Energy Drinks: Healthy Choices for Energy Boost? (cont.)
"Most of the energy drinks contain high-tech-sounding ingredients that are not controlled substances, of no value, and potentially harmful" in large amounts, adds Cynthia Sass, MPH, MA, RD, a board-certified specialist in sports dietetics.
And trying to figure out exactly how much of each stimulant is contained in an energy drink can be difficult, she says.
"The amount of the stimulants is not always listed on the label, and even when the information is listed, it is hard for consumers to interpret because we are not familiar with these ingredients," says Sass.
One ingredient most people are familiar with is caffeine, and "what we do know is that large doses of caffeine can be very dehydrating," says Sass.
While one cup (8 ounces) of strong coffee has about 125-150 milligrams of caffeine and a 12-ounce can of ordinary cola has 35-38 milligrams, an 8.3-ounce can of Cocaine energy drink contains 280 milligrams. In general, caffeine consumption should be limited to about 200-300 milligrams per day, says Farrell.
Easy to Drink
One of the concerns about energy drinks is how easy it is to drink large quantities of these sweet beverages.
"Energy drinks contain multiple stimulants that, when combined, can be dangerous and have a very powerful effect on the body," says Sass. Most people know how much caffeine they can tolerate, but may not be familiar with the effects of some of the other ingredients.
She describes such possible symptoms as upset stomach, leg weakness, heart palpitations, being jittery, nervousness, and more.

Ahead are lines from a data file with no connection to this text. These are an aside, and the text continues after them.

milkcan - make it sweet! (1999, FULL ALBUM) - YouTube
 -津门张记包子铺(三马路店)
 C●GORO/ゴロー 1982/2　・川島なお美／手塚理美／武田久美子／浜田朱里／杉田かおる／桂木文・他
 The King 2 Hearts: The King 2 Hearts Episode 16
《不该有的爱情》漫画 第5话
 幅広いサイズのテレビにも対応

Drink these energy drinks on an empty stomach and the effects can be magnified.
"There will be an energy burst, but it could also lead to agitation, difficulty concentrating, hyperactivity, a problem sleeping, nausea, and affect blood pressure," Farrell says.
Energy Drinks and Alcohol
Because alcohol is a depressant and caffeine is a stimulant, mixing energy drinks with alcohol is a bad idea, experts say.
"Both are also diuretics that can lead to dehydration and ultimately, drinking more alcohol, because the burst of energy from the sugar and caffeine misrepresent the state of inebriation," says Farrell.

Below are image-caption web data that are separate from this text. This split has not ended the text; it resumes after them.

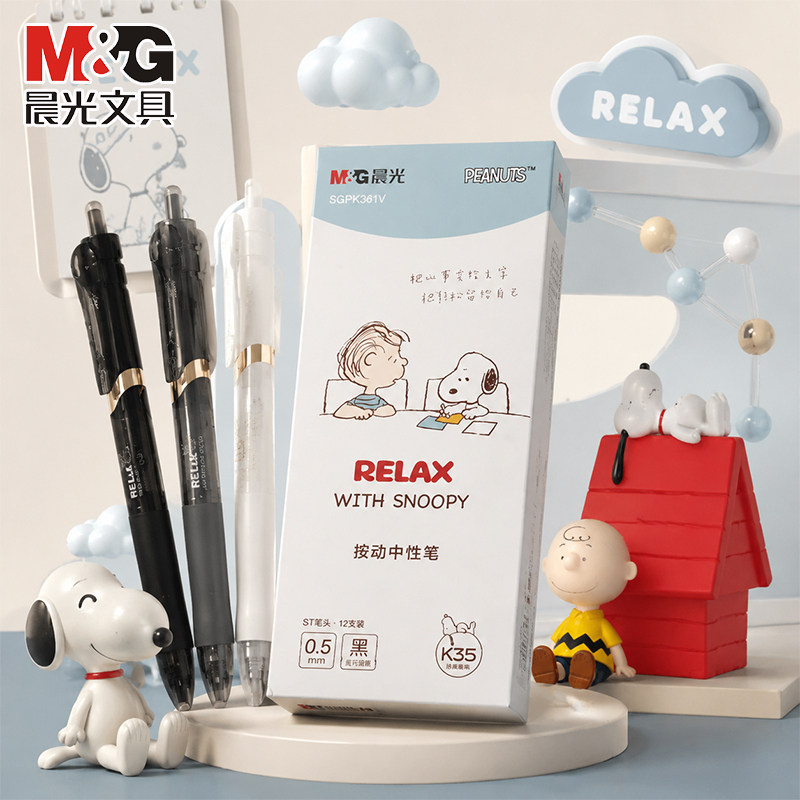 晨光史努比联名款按动中性笔0.5速干顺滑高颜值学生考试刷题笔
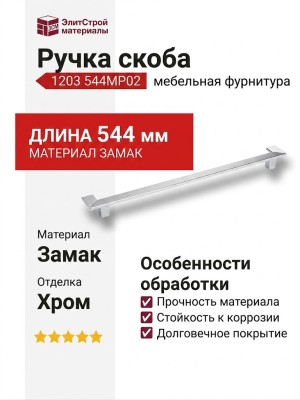 Ручка скоба 1203 544MP02, материал Замак, отделка Хром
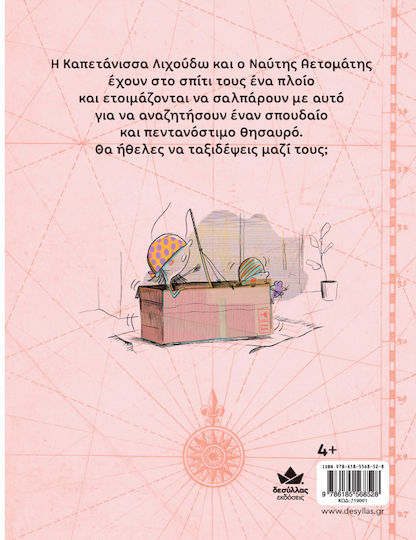 Η Καπετάνισσα Λιχούδω και ο Ναύτης Αετομάτης
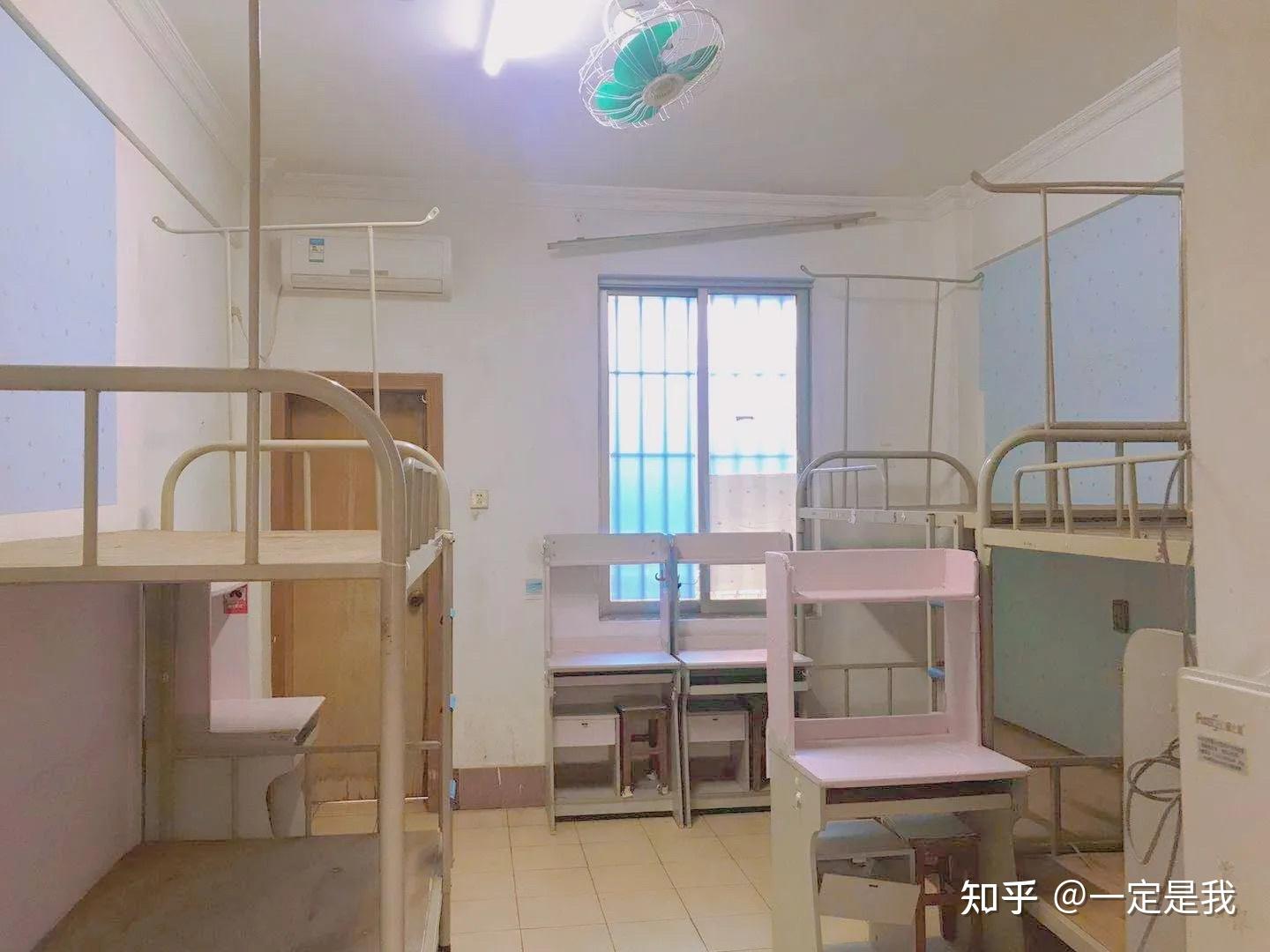 广东南华工商职业学院怎么样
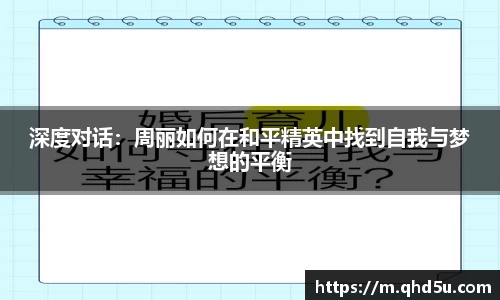 深度对话：周丽如何在和平精英中找到自我与梦想的平衡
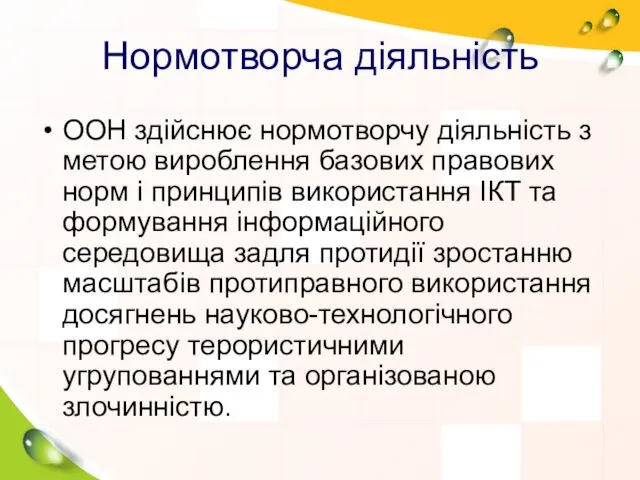 Нормотворча діяльність ООН здійснює нормотворчу діяльність з метою вироблення базових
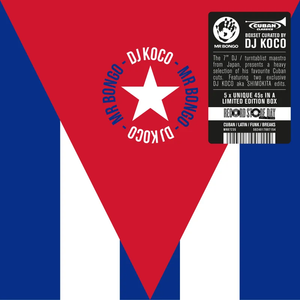 Various Artists DJ Koco - Cuban 45 Boxset Curated By Dj Koco Aka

She compares it to the misconception that coffee can sober someone who has had too much to drink: "Using coffee to sober up just makes you feel more energetic; it does not decrease the effects of inebriation."

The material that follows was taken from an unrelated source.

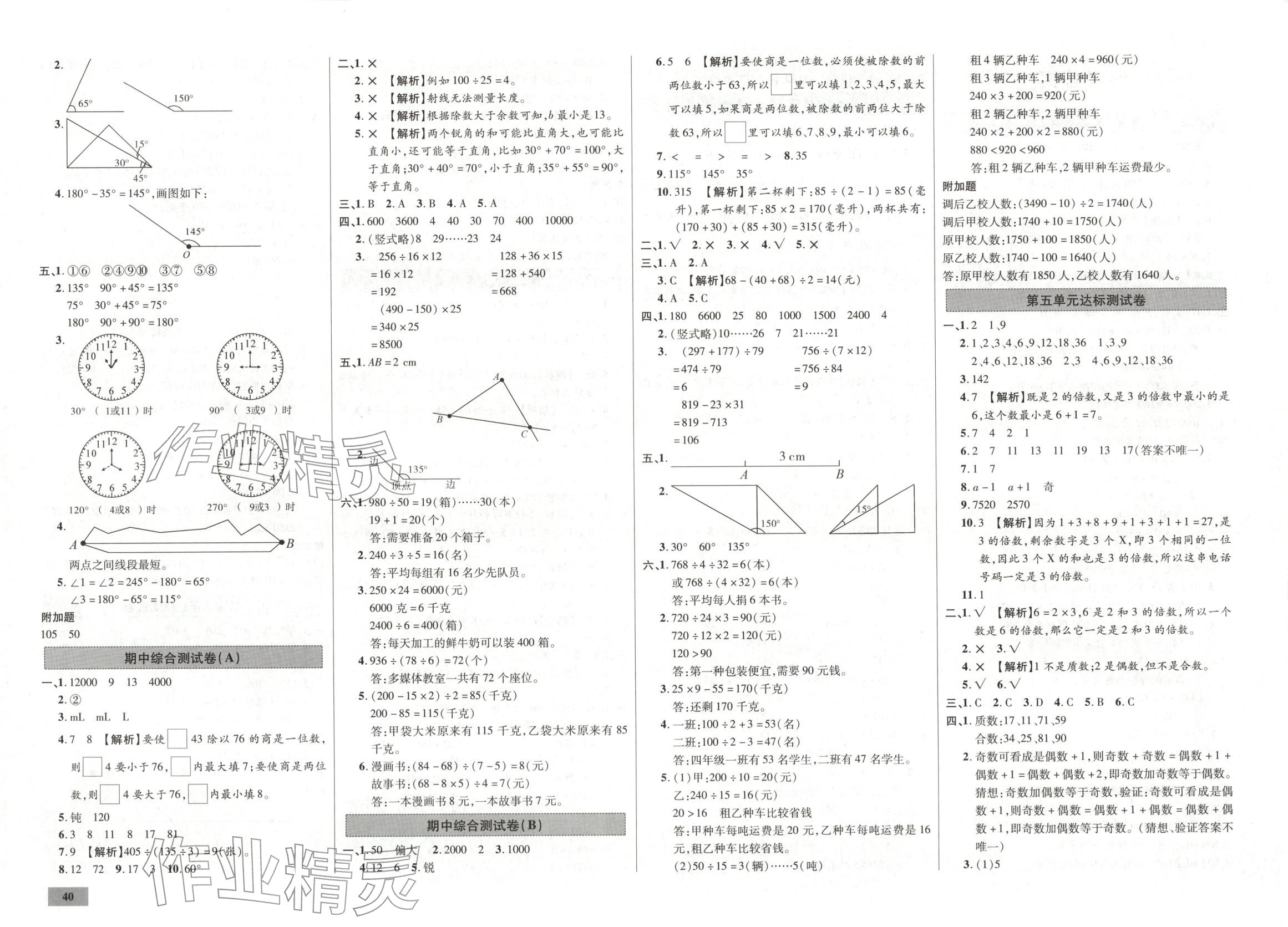 2025年一步名校单元测试卷四年级数学上册冀教版 第2页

The result is that you may feel less intoxicated than you really are. "These products may be natural, but they can be very dangerous when mixed with alcohol," says Sass.
Club soda, water, and fruit juices are better mixers with alcohol. Sass recommends choosing a mixer you have had before, so the result is more predictable.
If you want to dance all night long, a glass of water is a better choice than an energy drink between cocktails, to keep you well-hydrated.